Task details: Quote exactly, and only, the lines of the material below from the line with "person's legs in" through the line with "10118 E 220th".

Excerpted records:
#####
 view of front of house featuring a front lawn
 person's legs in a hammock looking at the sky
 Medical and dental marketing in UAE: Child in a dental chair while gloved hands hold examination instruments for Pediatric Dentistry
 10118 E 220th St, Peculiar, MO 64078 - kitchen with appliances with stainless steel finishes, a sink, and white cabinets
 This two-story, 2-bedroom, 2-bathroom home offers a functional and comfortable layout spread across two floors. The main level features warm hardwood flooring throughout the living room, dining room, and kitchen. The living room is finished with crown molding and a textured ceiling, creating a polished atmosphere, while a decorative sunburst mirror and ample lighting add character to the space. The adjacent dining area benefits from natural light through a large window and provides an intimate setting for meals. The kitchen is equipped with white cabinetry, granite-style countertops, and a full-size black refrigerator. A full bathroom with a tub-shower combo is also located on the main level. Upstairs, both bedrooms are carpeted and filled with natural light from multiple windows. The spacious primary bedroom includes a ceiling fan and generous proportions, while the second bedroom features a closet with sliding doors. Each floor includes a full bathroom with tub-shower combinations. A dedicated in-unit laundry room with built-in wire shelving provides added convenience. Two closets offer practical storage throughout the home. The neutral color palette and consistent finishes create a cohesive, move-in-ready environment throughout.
#####
Output for this exercise:
 person's legs in a hammock looking at the sky
 Medical and dental marketing in UAE: Child in a dental chair while gloved hands hold examination instruments for Pediatric Dentistry
 10118 E 220th St, Peculiar, MO 64078 - kitchen with appliances with stainless steel finishes, a sink, and white cabinets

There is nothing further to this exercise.